Saskatoon StarPhoenix

Community opens youth group home

- AMANDA SHORT amshort@postmedia.com

From the moment Ochapowace First Nation Chief Margaret Bear walked into her community’s new youth home, she knew it was going to have a profound effect.

The children ran up to her, shouting “Kokum!” (grandmothe­r in Cree). It was a perfect example of the connection­s that will come from keeping children in the care of the community, Bear said.

“That kinship is a special connection we have in our culture,” she said. “There’s a sense of family connection that a child has with their community and it’s important to instil that value of belonging.

“It’s important that the children learn who they are, where they come from, in their home community.”

The home, which had a soft open a few weeks ago, provides emergency care for up to 10 children ages 12 and under.
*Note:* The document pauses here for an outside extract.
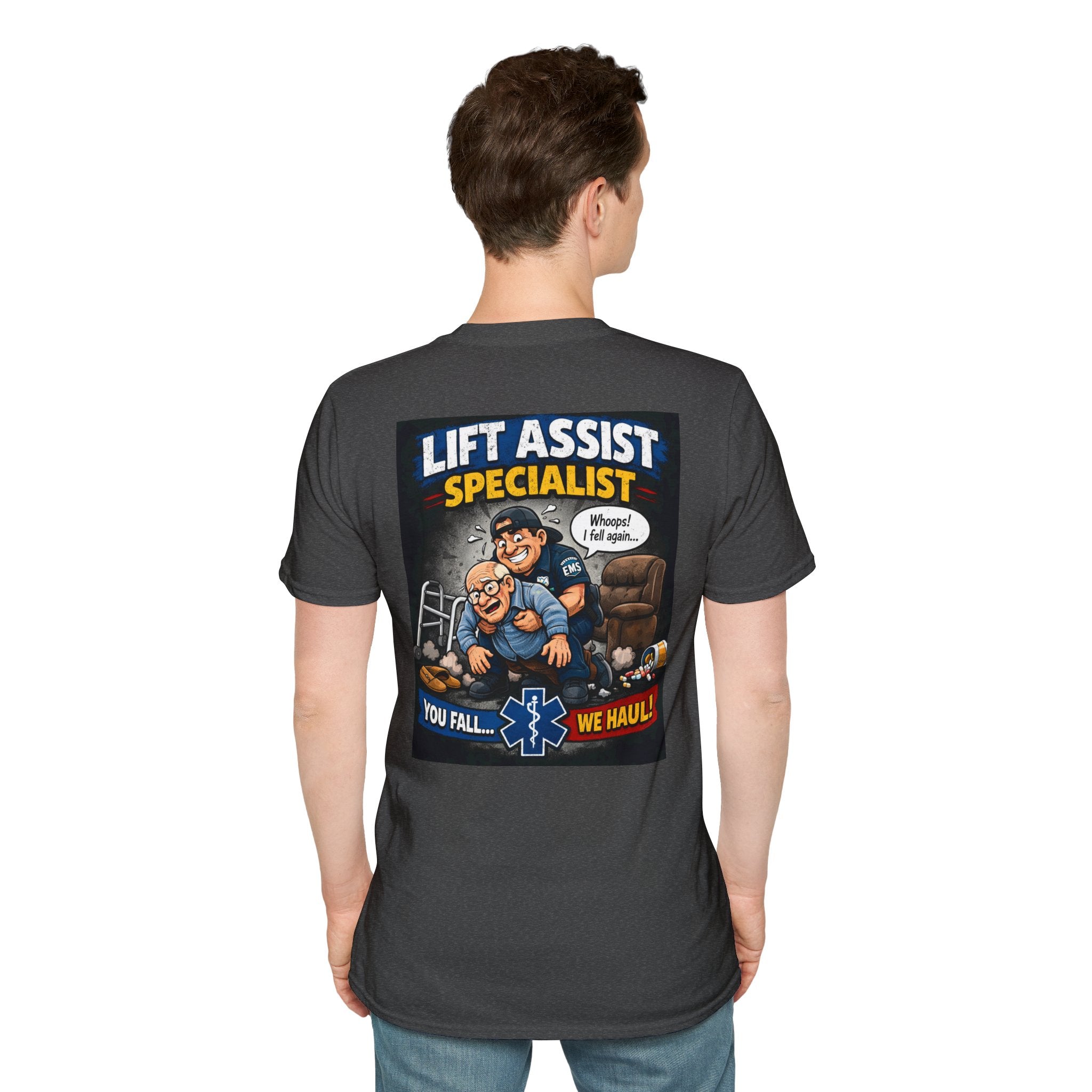 Lift Assist Specialist T-Shirt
While it wasn’t completely ready to open at the time, concerns about finding placements during the COVID -19 pandemic response bumped that date up.

As an emergency home, the goal is always to support parents and hopefully reconnect families, Headwoman Shaya Watson said. Eventually, it could be scaled up to a family support centre and provide parents with life skills programmin­g and services.

Watson, who is in charge of the First Nation’s Social Developmen­t Portfolio, oversaw the developmen­t of the home. The impetus to create it came two years ago after seeing a child forced to leave the community, she said.

“That case stayed with me. At that time I knew that we needed to do better, that we have to do better,” she said. “I’m a mother, I have three children, but I have a very good support system and that doesn’t always happen.

“I think that was my push, was to make sure these little kids have that support all the time.”

The youth home is part of sweeping reform taking place across Canada in order to honour the right of the First Nations to have jurisdicti­on over their own child welfare. While Ochapowace works toward drafting its own child welfare act, the home is being operated through partnershi­p with the Yorkton Tribal Council.

About 17 members of the community will be hired on to work at the home, Watson said, including land-based childcare workers to help connect the children with their culture. As children are the core of a community, investing in healthier families means Ochapowace First Nation grows stronger as a whole, Bear said.

“The children will learn about their culture, their language, customs and traditions,” she said. “And they will also know who they are related to, who their family is.

“When we feel good about who we are, when we feel proud of who we are, we do well in whatever it is that we do.”